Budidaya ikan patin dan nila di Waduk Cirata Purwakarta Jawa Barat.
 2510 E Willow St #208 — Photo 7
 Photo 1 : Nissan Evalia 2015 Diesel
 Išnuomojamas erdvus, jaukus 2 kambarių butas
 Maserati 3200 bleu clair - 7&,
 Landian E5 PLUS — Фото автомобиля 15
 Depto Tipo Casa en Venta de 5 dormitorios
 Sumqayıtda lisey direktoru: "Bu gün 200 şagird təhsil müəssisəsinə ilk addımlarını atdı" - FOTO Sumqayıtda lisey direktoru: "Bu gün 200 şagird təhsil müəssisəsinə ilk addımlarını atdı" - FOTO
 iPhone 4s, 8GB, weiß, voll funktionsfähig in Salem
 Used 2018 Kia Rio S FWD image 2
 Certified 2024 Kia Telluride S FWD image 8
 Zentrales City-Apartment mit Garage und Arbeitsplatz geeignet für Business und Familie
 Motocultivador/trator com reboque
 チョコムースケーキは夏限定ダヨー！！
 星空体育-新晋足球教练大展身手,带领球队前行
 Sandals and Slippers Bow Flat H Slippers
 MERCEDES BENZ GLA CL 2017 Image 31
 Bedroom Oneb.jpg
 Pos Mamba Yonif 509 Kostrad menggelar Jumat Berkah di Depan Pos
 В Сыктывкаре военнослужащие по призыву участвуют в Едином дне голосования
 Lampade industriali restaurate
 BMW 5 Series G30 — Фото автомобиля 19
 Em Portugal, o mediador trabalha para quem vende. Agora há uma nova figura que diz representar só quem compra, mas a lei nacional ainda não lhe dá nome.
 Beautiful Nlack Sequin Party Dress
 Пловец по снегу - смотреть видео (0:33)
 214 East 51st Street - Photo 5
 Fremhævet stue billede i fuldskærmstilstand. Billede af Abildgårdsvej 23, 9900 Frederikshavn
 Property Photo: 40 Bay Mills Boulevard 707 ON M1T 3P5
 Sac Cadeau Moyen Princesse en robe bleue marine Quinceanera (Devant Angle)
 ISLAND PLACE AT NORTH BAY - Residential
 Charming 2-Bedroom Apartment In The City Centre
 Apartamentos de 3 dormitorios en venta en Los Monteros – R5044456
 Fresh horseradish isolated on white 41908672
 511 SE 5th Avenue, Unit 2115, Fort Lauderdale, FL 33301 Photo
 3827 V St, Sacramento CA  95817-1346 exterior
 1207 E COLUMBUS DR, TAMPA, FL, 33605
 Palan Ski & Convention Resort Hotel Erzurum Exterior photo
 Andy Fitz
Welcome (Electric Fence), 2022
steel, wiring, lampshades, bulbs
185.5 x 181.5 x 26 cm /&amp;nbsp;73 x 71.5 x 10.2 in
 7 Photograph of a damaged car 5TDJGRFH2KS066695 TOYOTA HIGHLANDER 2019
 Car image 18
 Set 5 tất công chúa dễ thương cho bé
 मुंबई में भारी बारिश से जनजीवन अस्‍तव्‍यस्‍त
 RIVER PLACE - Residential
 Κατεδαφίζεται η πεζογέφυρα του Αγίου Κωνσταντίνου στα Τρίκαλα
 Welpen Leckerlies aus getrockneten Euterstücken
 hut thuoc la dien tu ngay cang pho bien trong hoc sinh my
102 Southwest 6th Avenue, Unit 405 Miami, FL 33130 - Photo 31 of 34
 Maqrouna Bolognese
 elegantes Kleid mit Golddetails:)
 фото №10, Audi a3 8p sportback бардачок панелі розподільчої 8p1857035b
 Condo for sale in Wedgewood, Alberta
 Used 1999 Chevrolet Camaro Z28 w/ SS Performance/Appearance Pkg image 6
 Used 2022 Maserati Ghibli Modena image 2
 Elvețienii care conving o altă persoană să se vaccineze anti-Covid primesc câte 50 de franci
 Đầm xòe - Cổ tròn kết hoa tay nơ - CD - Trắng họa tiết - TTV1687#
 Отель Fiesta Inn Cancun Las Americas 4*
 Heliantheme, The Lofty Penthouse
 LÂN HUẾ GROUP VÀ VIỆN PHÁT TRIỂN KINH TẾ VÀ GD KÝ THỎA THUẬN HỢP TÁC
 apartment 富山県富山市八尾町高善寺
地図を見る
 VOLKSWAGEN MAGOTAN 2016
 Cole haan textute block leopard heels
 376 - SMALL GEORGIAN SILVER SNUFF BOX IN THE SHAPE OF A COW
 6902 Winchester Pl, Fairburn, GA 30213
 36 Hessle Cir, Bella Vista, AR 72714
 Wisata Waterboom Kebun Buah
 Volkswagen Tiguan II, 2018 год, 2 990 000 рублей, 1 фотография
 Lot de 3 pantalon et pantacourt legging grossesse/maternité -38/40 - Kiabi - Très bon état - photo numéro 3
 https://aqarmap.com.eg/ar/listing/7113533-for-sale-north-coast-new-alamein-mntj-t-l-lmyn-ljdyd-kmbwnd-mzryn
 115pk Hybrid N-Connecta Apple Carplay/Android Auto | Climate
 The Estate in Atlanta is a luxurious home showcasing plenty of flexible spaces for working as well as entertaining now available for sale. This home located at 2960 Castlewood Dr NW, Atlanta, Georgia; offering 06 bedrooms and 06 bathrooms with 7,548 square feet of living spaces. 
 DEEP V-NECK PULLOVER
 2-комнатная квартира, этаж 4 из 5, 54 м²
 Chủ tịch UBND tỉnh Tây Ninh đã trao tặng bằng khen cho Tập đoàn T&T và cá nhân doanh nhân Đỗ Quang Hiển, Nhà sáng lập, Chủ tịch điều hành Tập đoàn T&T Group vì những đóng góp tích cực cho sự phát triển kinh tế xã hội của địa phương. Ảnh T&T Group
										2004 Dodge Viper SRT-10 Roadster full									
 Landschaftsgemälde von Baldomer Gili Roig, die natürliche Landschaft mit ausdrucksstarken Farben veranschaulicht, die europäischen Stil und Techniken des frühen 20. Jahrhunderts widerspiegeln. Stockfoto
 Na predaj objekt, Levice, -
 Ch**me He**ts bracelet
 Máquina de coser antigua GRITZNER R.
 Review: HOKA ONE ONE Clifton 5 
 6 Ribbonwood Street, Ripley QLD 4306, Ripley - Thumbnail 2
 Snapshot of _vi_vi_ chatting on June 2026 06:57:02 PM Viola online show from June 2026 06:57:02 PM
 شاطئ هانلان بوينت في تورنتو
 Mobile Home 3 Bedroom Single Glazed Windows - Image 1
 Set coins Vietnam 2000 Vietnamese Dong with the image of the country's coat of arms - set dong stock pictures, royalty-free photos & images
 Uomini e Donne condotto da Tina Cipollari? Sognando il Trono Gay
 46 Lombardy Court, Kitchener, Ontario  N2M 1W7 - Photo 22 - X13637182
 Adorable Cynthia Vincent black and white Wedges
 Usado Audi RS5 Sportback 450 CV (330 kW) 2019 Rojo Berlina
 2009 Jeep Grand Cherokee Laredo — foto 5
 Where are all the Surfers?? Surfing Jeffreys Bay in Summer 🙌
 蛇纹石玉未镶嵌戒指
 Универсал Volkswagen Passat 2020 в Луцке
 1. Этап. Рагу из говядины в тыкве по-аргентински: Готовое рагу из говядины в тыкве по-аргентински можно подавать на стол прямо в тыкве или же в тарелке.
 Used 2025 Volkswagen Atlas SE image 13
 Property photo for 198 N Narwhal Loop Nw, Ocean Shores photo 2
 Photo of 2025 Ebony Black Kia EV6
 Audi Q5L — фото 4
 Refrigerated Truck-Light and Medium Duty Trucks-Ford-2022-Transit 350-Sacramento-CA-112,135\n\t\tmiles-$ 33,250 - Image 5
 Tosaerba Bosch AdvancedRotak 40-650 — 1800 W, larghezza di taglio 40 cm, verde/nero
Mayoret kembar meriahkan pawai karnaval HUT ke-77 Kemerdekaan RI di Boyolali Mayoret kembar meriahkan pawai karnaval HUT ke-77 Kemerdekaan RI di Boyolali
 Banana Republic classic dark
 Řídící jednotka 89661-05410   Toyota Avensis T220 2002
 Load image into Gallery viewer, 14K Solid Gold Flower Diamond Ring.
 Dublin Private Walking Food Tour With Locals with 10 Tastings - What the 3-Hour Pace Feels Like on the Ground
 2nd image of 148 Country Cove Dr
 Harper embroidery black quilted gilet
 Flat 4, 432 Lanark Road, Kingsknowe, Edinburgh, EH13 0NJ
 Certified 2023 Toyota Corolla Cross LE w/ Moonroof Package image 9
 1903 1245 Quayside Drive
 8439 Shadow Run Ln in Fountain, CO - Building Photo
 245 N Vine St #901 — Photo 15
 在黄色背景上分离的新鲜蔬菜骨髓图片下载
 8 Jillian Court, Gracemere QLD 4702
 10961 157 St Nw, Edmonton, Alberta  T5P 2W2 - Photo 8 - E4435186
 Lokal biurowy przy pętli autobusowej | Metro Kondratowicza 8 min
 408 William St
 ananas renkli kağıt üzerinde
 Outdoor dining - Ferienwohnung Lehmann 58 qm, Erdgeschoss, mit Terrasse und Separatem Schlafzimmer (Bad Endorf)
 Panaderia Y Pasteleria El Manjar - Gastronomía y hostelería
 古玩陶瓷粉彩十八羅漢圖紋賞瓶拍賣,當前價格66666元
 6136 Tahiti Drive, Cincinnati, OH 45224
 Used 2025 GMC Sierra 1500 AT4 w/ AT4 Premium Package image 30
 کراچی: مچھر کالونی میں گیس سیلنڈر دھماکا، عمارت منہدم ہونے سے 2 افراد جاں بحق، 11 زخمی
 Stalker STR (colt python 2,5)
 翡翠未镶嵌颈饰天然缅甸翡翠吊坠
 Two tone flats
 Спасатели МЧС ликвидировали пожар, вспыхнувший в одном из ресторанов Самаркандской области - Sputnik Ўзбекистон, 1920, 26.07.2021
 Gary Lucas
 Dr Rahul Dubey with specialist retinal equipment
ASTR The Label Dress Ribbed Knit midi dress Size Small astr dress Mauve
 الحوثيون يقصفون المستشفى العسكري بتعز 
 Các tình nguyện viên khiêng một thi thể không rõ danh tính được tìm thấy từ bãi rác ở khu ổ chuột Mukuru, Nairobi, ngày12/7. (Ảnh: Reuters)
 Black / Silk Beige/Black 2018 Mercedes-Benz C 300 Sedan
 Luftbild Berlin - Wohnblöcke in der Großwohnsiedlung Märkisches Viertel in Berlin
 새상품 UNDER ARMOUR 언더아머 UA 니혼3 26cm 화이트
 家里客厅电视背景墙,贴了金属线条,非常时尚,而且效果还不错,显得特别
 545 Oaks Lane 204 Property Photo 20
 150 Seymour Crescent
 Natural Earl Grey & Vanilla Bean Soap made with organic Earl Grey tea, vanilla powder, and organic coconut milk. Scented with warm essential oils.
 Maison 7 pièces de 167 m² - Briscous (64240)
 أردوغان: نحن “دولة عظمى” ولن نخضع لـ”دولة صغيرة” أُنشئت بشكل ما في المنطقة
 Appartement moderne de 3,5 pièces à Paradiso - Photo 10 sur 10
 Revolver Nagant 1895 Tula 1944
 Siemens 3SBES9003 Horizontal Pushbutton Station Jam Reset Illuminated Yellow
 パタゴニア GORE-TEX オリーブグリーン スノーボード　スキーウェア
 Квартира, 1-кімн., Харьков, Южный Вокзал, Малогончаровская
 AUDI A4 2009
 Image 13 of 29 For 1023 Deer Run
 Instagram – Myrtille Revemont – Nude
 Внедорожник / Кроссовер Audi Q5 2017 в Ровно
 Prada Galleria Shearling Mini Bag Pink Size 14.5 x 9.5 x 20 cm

### Required action
Filter the listing for the word "white" and copy each line that has it.

### Output for this exercise
 Fresh horseradish isolated on white 41908672
 Adorable Cynthia Vincent black and white Wedges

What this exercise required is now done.